Starting at the line that contains "Mp iPhone Case" and stopping at the line that contains "Three Little Pigs", transcribe every line of the material below exactly; pictures stay out.

START THE DATA

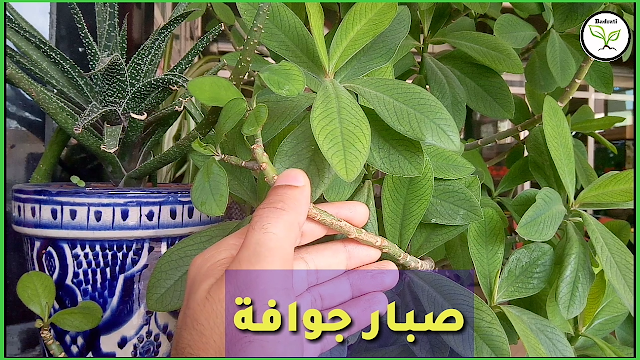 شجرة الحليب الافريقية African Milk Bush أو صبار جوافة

END THE DATA
START THE DATA

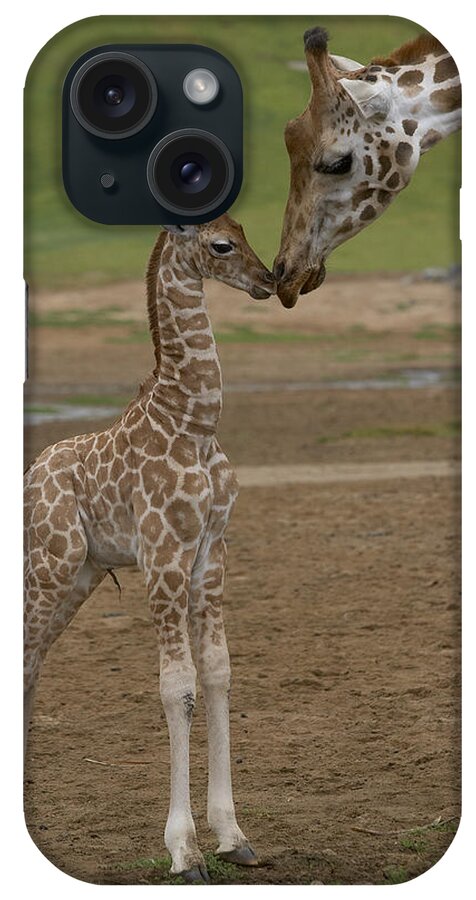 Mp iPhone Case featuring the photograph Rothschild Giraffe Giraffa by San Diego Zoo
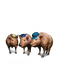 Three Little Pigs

END THE DATA

OUTPUT:
 Mp iPhone Case featuring the photograph Rothschild Giraffe Giraffa by San Diego Zoo
 Three Little Pigs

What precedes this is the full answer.